Cessna 152s produced between 1977 and 1982 were equipped with Lycoming O-235-L2C engines producing 110 hp (82 kW) at 2550 rpm. This engine still suffered some lead-fouling problems in service and was succeeded in 1983 by the 108 hp (81 kW) O-235-N2C which featured a different piston design and a redesigned combustion chamber to reduce this problem. The N2C engine was used until 152 production ended in 1985.
The 152's airframe is an all-metal construction. It is primarily aluminium 2024-T3 alloy, although some components such as wing tips and fairings are made from glass-reinforced plastic. The fuselage is a semi-monocoque structure: it has vertical bulkheads and frames joined by longerons which run the length of the fuselage. The metal skin of the aircraft is riveted, which allows loads to be spread out over the structure. The wings are of a strut-braced design and have a 1 degree dihedral angle. The tapered (outboard) portion of each wing has one degree of washout (the chord of the tip section has one degree lower angle of attack than the chord at the end of the constant-width section). This allows greater aileron effectiveness during a stall, although it is much less than the 3 degrees used in Cessna 172 wings.
 Flying controls
Dual controls are available as optional equipment on the Cessna 152 and almost all 152s have this option installed.

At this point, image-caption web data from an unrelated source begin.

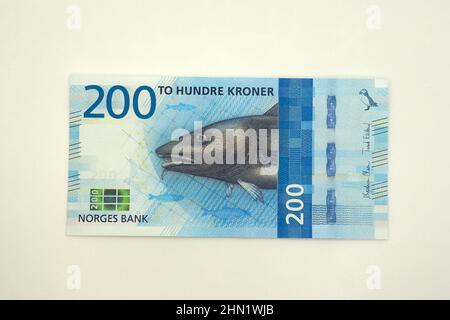two hundred (200) crown banknote, Norwegian krone (NOK) Norway ...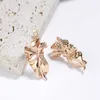 Charm Kinel Nieuwe trend 585 Rose Gold kleur metaal lange druppel oorbellen vrouwen vintage mode sieraden geometrische bloem holle oorbellen 2022 g230225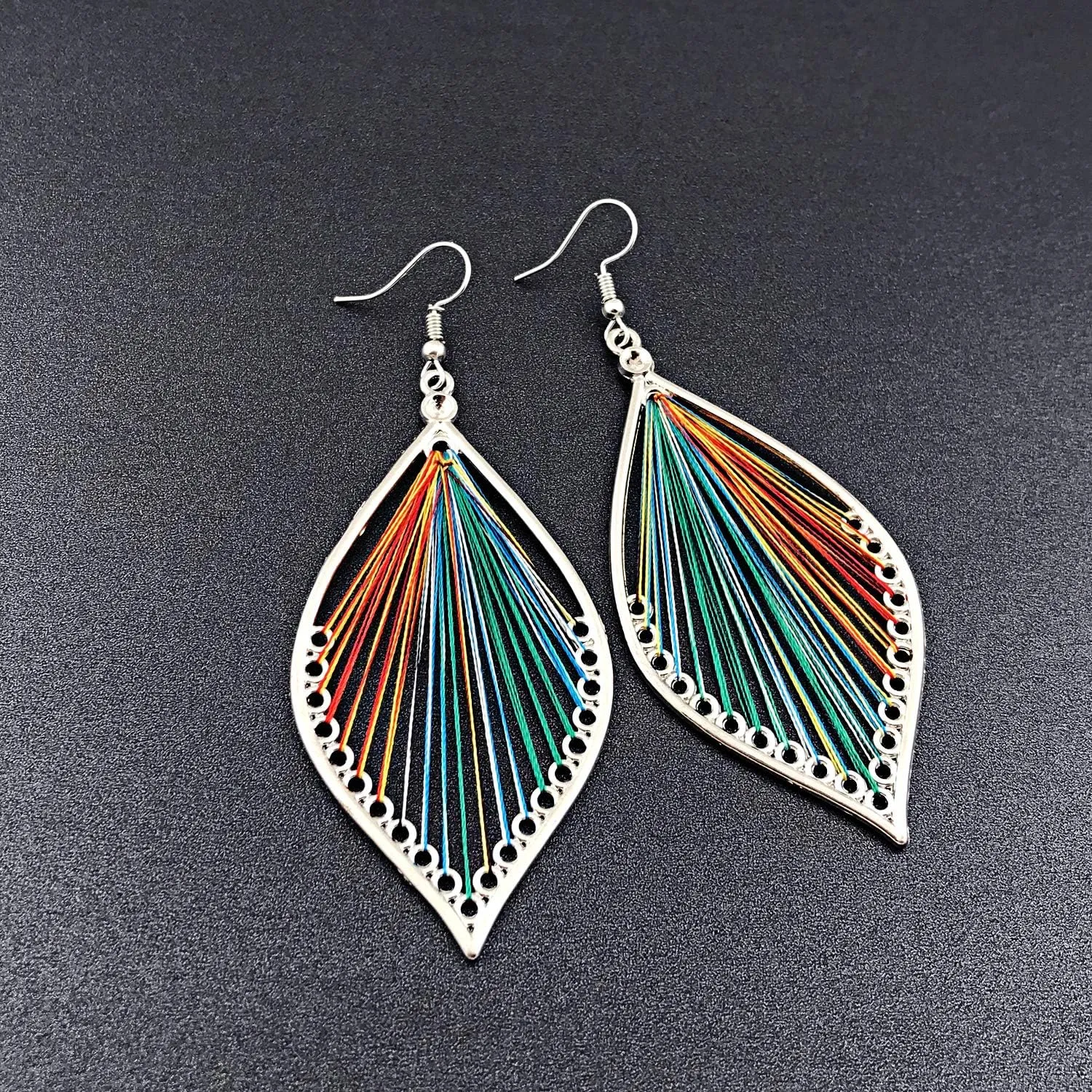 Earrings for Women Colorful Layered Leaf Earrings Bohemian Dangle Drop Tassel Silver Earrings Women Gifts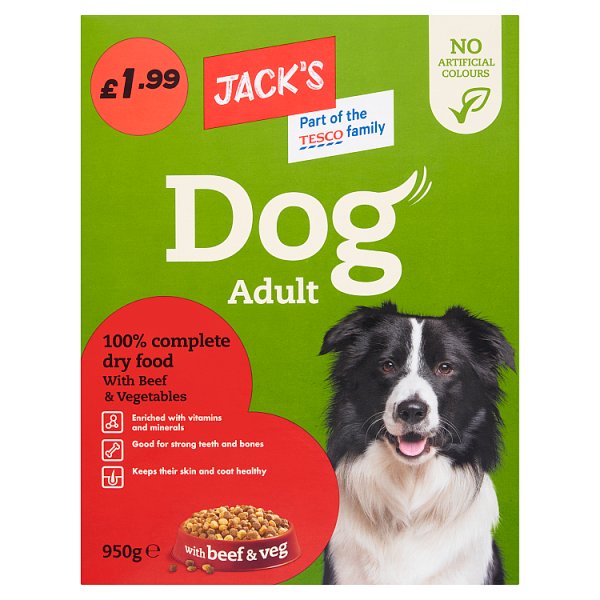 Jack's Adult Dog Food with Beef & Veg 950g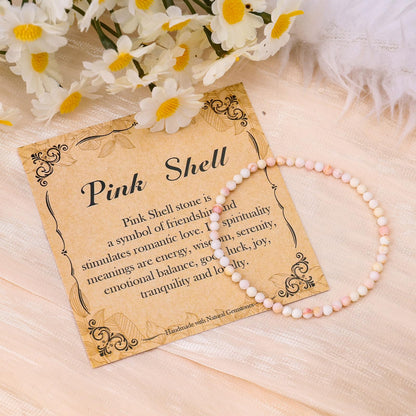 BONNY BOXX Natural Genuine Gemstone Faceted Round Beads Bracelets, 3mm Adjustable Stretchy Tiny Faceted Pink Shell Bracelet, Healing Crystal Reiki Chakra Dainty Jewelry Fashion Gifts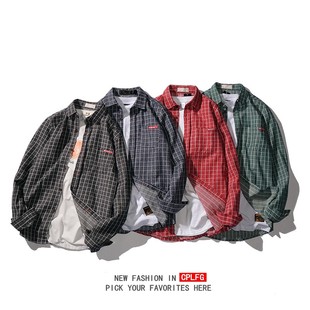 韩范情侣衬衫 春秋日系韩版 子长袖 小红标原宿风格 BF风男女学生时尚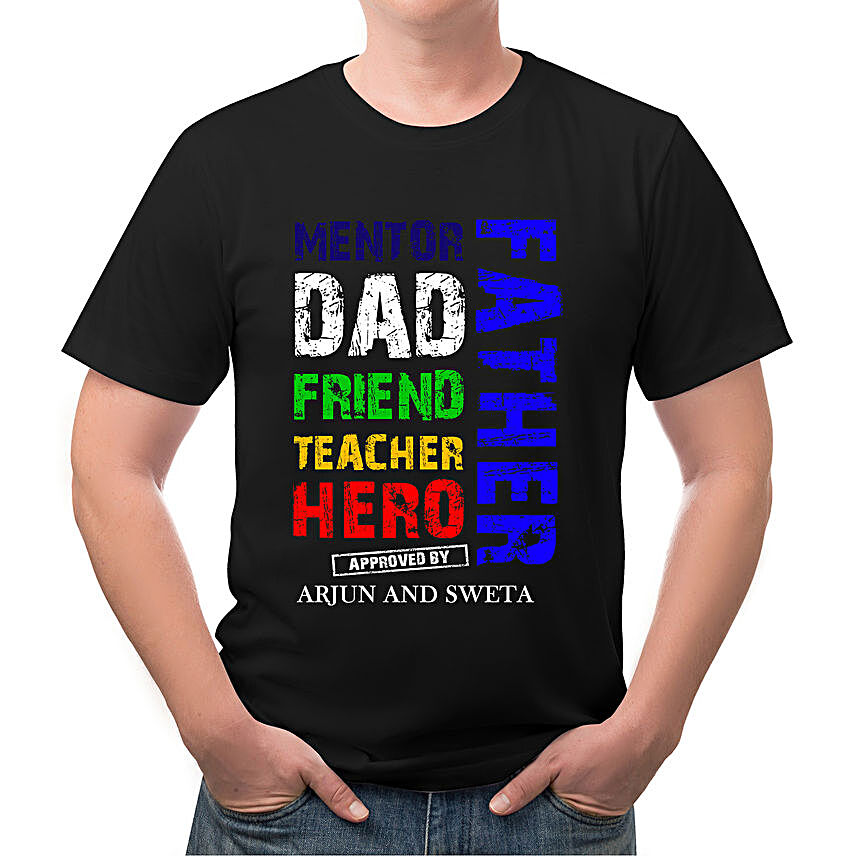 Personalised Dad Friend Teacher Black T-Shirt- Small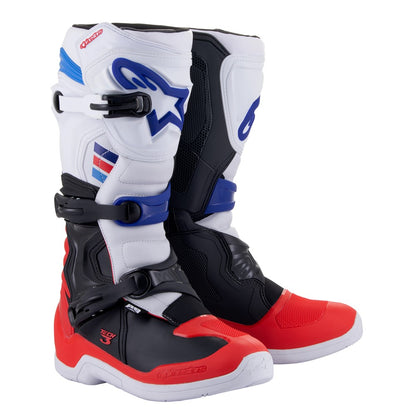 Alpinestars Tech-3 Adult MX Boots - White / Bright Red / Dark Blue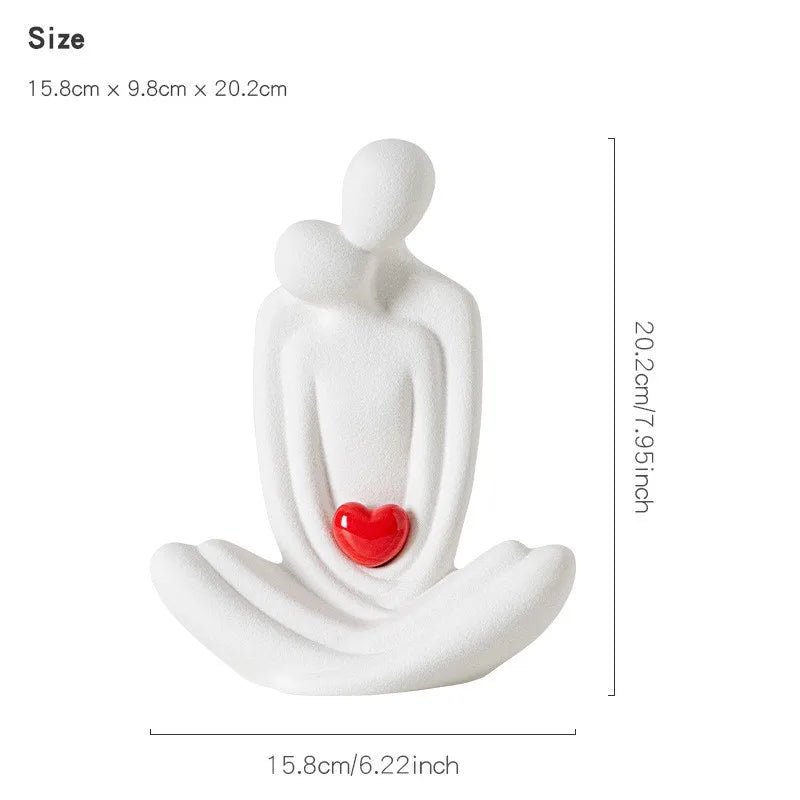 20cm Couple Figurines Ceramic Statue Hugging Lovers Tabletop Bedroom Bookshelf Decor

The Cessna 152 is equipped with differential ailerons that move through 20 degrees upwards and 15 degrees downwards. It has modified Fowler (slotted, aft-traveling) flaps which are electrically operated and deploy to a maximum of 30 degrees. The rudder can move 23 degrees to either side and is fitted with a ground adjustable trim tab. The elevators move up through 25 degrees and down through 18 degrees. An adjustable trim tab is installed in the right elevator and is controlled by a small wheel in the center of the control console. The trim tab moves 10 degrees up and 20 degrees down relative to the elevator chordline.
The Cessna 152 is equipped with fixed tricycle landing gear. The main gear is a tubular steel undercarriage leg surrounded by a full length fairing with a step for access to the cabin. The main gear has a 7 ft 7 in (2.3 m) wheelbase.
The nose wheel is connected to the engine mount and has an oleo strut to dampen and absorb normal operating loads. The nosewheel is steerable through 8 degrees either side of neutral and can caster under differential braking up to 30 degrees. It is connected to the rudder pedals through a spring linkage.
The braking system consists of single disc brake assemblies fitted to the main undercarriage and operated by a hydraulic system. Brakes are operated by pushing on the top portion of the rudder pedals. It is possible to use differential braking when taxiing and this allows very tight turns to be made.
The 152 is also fitted with a parking brake system. It is applied by depressing both toe brakes and then pulling the "Park Brake" lever to the pilot’s left. The toe brakes are then released but pressure is maintained in the system thereby leaving both brakes engaged.
The standard tires used are 600 X 6 on the main gear and 500 X 5 on the nose wheel.